Several studies have reported that the EEG in FTD tends to remain normal or show only minor deviations until late in the course of the disease [50, 51]. In our study, we observed that patients with FTD demonstrate an enhancement of functional connectivity in the theta band and a weakening in the alpha band, similar to patterns seen in AD. This discrepancy can be explained by the use of different functional connectivity measures. The PLI and AEC-c are both measures that are less sensitive to the effects of volume conduction, making them more reproducible and valid [7]. Therefore, our results are less affected by spurious estimates of interactions.

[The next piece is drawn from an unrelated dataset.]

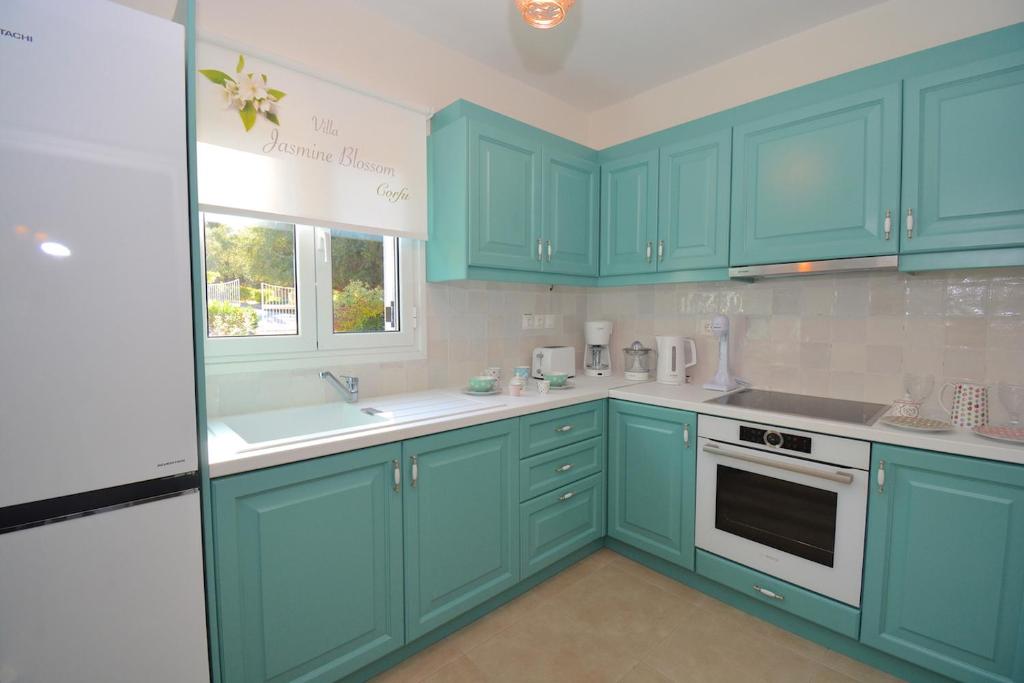 Villa Jasmine Blossom photo 3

Although there is considerable clinical interest in the differential diagnosis of AD and FTD, few studies have directly compared the two dementias. Our study revealed that patients with AD and FTD exhibit distinct brain network connectivity and topological characteristics. Patients with AD showed more extensive and severe abnormalities in brain network connectivity, with effects observed across all brain regions. However, those with FTD exhibited relatively preserved function in the occipital region, which is primarily responsible for processing visual information [52]. Notably, in AD patients, the mean node degree in the occipital region significantly increased in the theta band, while the clustering coefficient and local efficiency notably decreased in the alpha band. However, these significant changes were not observed in FTD patients. Given that visual spatial dysfunction is characteristic of AD and not typically seen in FTD [53, 54], the topological parameters of the occipital region may serve as valuable electrophysiological markers for distinguishing between AD and FTD.

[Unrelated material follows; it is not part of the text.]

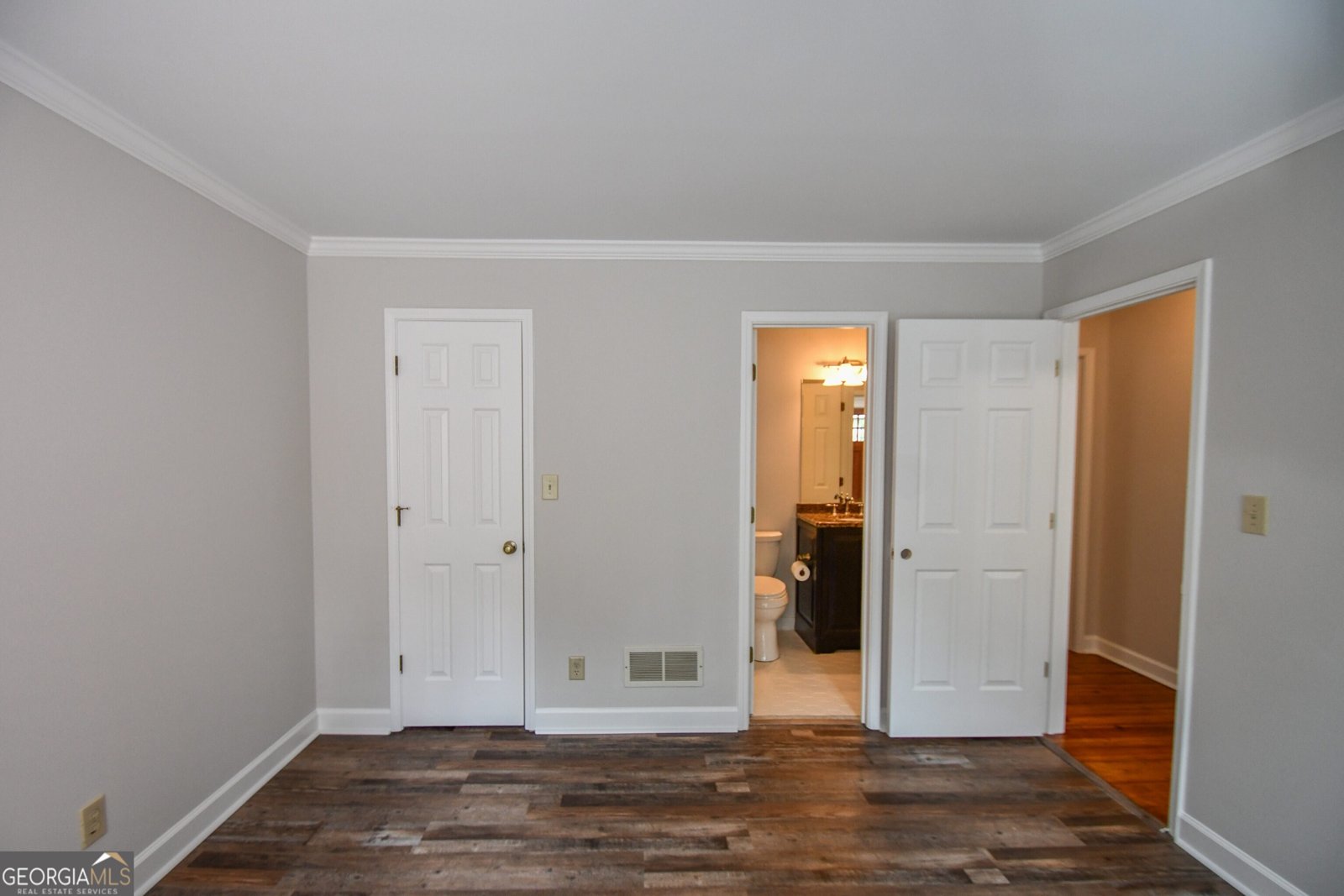 615 WoodWork Way Roswell - 21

Although our study yielded significant results, it is not without limitations. Firstly, our research was conducted with a relatively small subject sample. Future studies should aim for larger sample sizes to validate our findings. Secondly, while our study focused on AD and FTD, there are various dementia subtypes, such as vascular dementia (VaD) and dementia with Lewy bodies (DLB), which often lead to clinical confusion. It is crucial to include a broader range of dementia subtypes in future research. Thirdly, our cross-sectional design limits our ability to track changes in brain network properties over time. Therefore, longitudinal studies should be undertaken to monitor disease progression. Fourthly, despite the existence of over 15 brain network topology parameters [44], we only examined the five most common ones. A comprehensive analysis of all available topology parameters should be considered in subsequent studies. Lastly, while some studies have shown the potential of modulating gamma oscillations for treating central nervous system diseases [55, 56], our study did not reveal significant differences in the gamma band among the three groups. One possible explanation is the absence of cognitive tasks specific to AD or FTD in our design. Future research should incorporate task-specific assessments of gamma oscillations.

Conclusions

Overall, we found that the brain network connectivity and topological characteristics of AD and FTD patients both exhibit different rhythmic characteristics in different frequency bands, with enhanced functional connectivity in the theta band and diminished function in the alpha band. Our findings contribute to understanding of the pathological mechanisms of AD and FTD at the level of brain networks, as well as how these diseases affect the functional coordination of different brain regions. Furthermore, patients with AD showed a loss of function across the whole brain, while patients with FTD retained the function in the occipital region, which may provide new insights for the development electrophysiological markers for the clinical diagnosis of AD and FTD.